Мечта о большом открытии — это лишь один из стимулов ученого; однако мне представляется, что мышление ученых несколько искажено чрезмерной чувствительностью к мнению СМИ и к престижным наградам вроде Нобелевской премии. Уже ставшее своеобразным клише восприятие научных результатов как чего-то грандиозного особенно заметно в физике. Порой кажется, что в этой науке открытие, «меняющее наше представление о Вселенной», происходит чуть ли не каждые несколько месяцев. В газетных и журнальных статьях неминуемо возникают слишком громкие формулировки для описания даже самых незначительных результатов, и в сложившейся ситуации отчасти стоит винить и самих физиков, которые предпочитают заявлять во всеуслышание о своих открытиях на пресс-конференциях — еще до публикации в научной литературе и не дождавшись критической оценки со стороны коллег. В реальности же открытия уровня теории относительности или дарвиновской эволюции делаются крайне редко.
Тем не менее во всем этом шуме, который любит научная журналистика, есть своя правда. Ученые в самом деле искренне наслаждаются своей работой, и именно жажда открытия заставляет их вылезать по утрам из постели и приниматься за дела. Почти каждый день они узнают что-то новое, пусть и не очень важное, решают запутанные технические проблемы или проливают свет на какой-то до сих пор темный уголок в области, в которой работают. Больше чем в половине случаев они ошибаются, однако при этом как минимум движутся по верному пути. И понимание собственной неправоты — процесс, ведущий от смятения к ясности, — может быть столь же вдохновляющим, как и осознание своей правоты.
По словам Фрэнсиса Халзена, покойный Джон Бакал, уважаемый теоретик нейтрино из принстонского Института перспективных исследований, утверждал, что
у физиков есть два сокровенных и темных секрета, которые они старательно прячут от мира.
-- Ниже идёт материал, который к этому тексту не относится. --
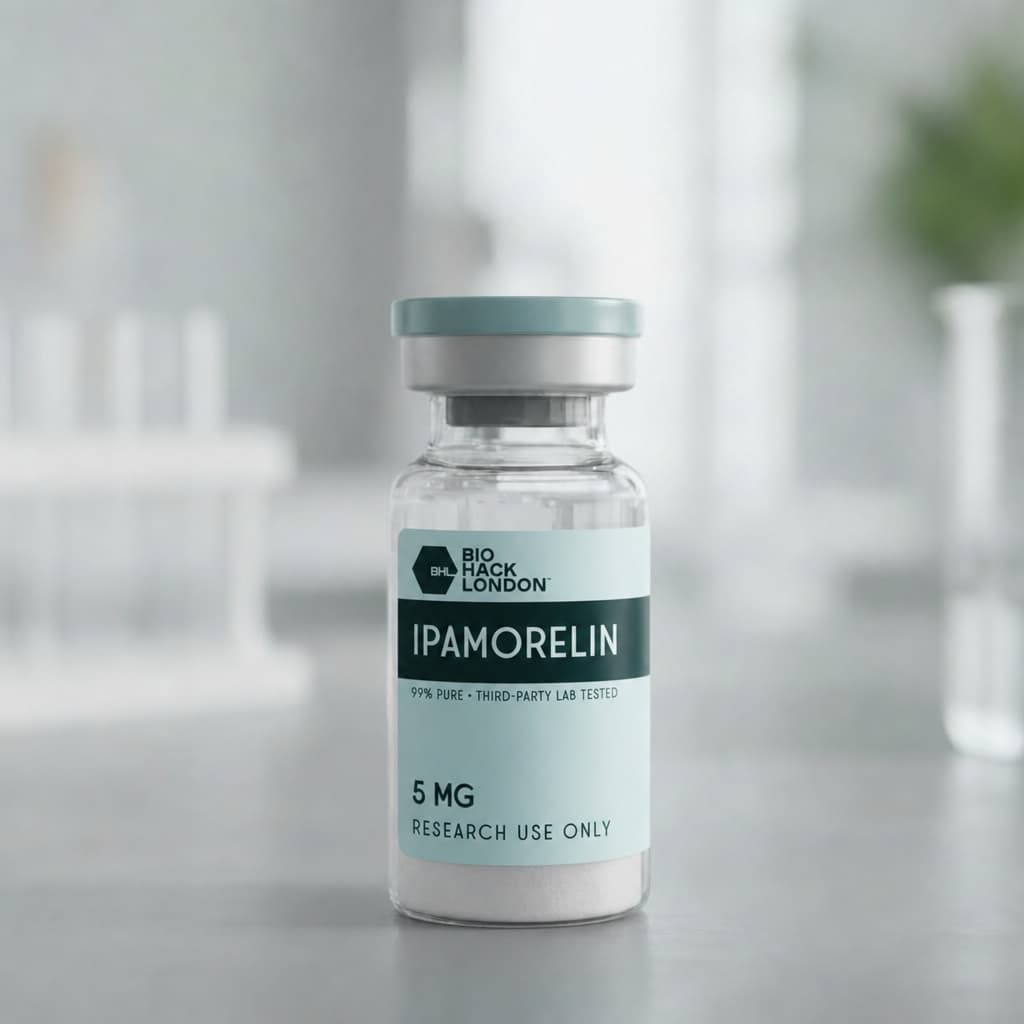 Ipamorelin research peptide vial by BioHack London – 99% pure third-party lab tested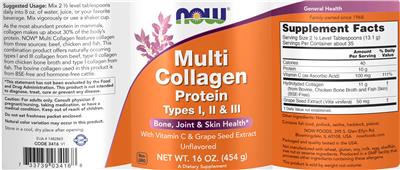 Product label for Multi Collagen Protein Types I, II & III Unflavored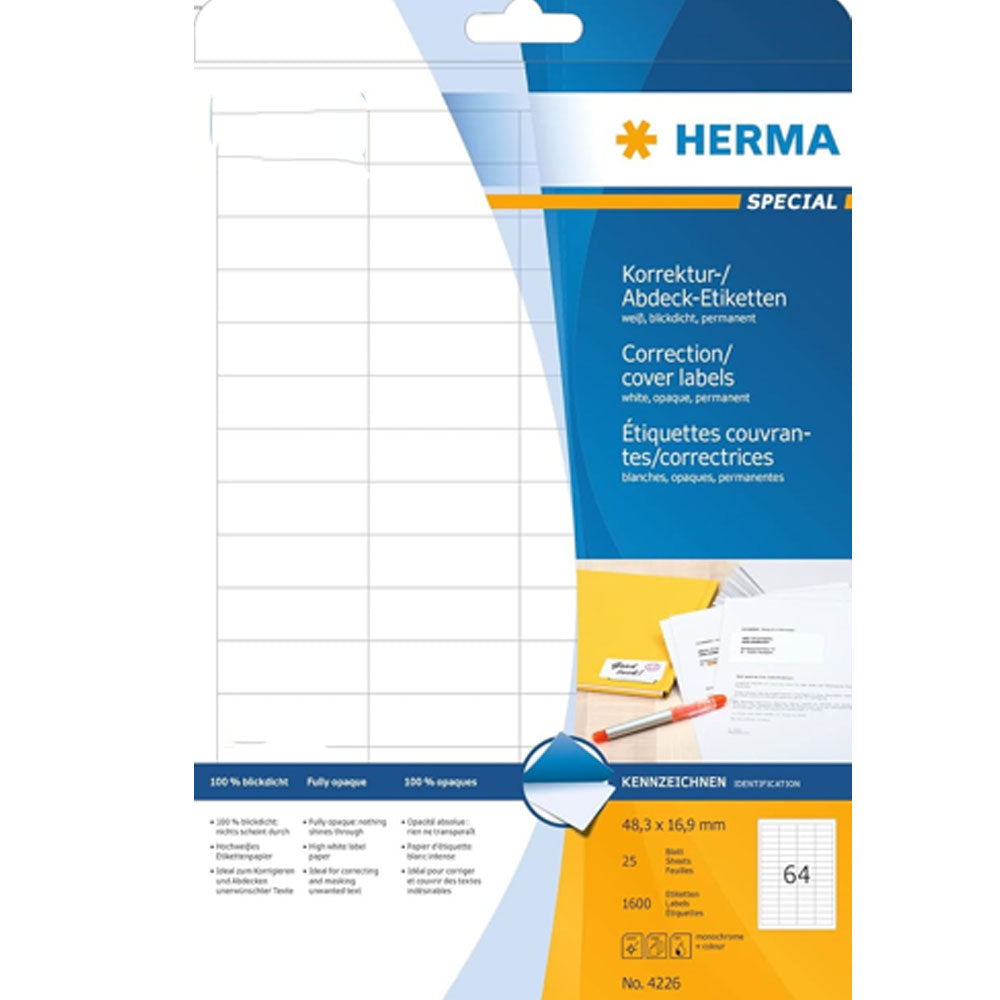 Herma ogenomskinlig korrigeringsetiketter A4 25pc vit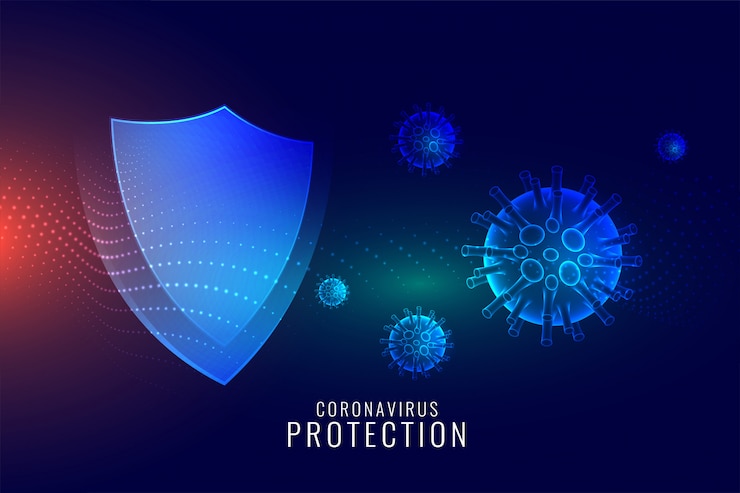 Gratis Vektor coronavirus beskyttelsesskjold for godt immunforsvar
Первый состоит в том, что физика не развивается логическим образом, а представляет собой цепь неудач… А второй заключается в том, что физикам настолько нравится заниматься своей работой, что они готовы делать ее даже бесплатно.
Цель этой книги состоит в том, чтобы продемонстрировать вам правоту Бакала. Я расскажу вам о внутренних деталях эксперимента, который дал физикам очень многое из того, ради чего они живут. Почти 20 лет я наблюдал за этим процессом, заняв самое лучшее место в зрительном зале.
Впервые с IceCube меня познакомил в 1997 году Брюс Коси, главный бурильщик. Это произошло довольно странным образом. Солнечным июньским днем в моем бостонском доме раздался звонок от редактора журнала Natural History. Она поинтересовалась, найдется ли у меня время написать статью о палеоклиматологе Лонни Томпсоне, который изучает керны высокогорного льда, чтобы узнать, каким был климат в прошлом и какие именно изменения в нем произошли.
Через неделю я уже летел в боливийскую столицу Ла-Пас, а еще через неделю добрался до базового лагеря у подножия самой высокой горы в стране — потухшего вулкана Сахама высотой в 6,5 километра. Вершина Сахамы была увенчана круглым снежным куполом — позже я узнаю, что это идеальная форма для бурения ледяных кернов. Лонни и его команда к тому моменту уже проработали на вершине около двух недель и планировали еще через несколько дней запустить аэростат, наполненный горячим воздухом, чтобы с его помощью доставить первые фрагменты ледяной шапки к подножию горы, где их уже ждал фургон-рефрижератор. Я понял, что мой долг профессионального журналиста — во что бы то ни стало оказаться на вершине и увидеть все происходящее там своими глазами. Я вскарабкался на гору — возможно, слишком быстро, если учесть, о каких высотах мы говорим, — и вошел в залитый полуденным солнцем лагерь бурильщиков за несколько часов до запланированного запуска аэростата. У меня с собой был только легкий рюкзак, и я не догадался даже захватить спальный мешок.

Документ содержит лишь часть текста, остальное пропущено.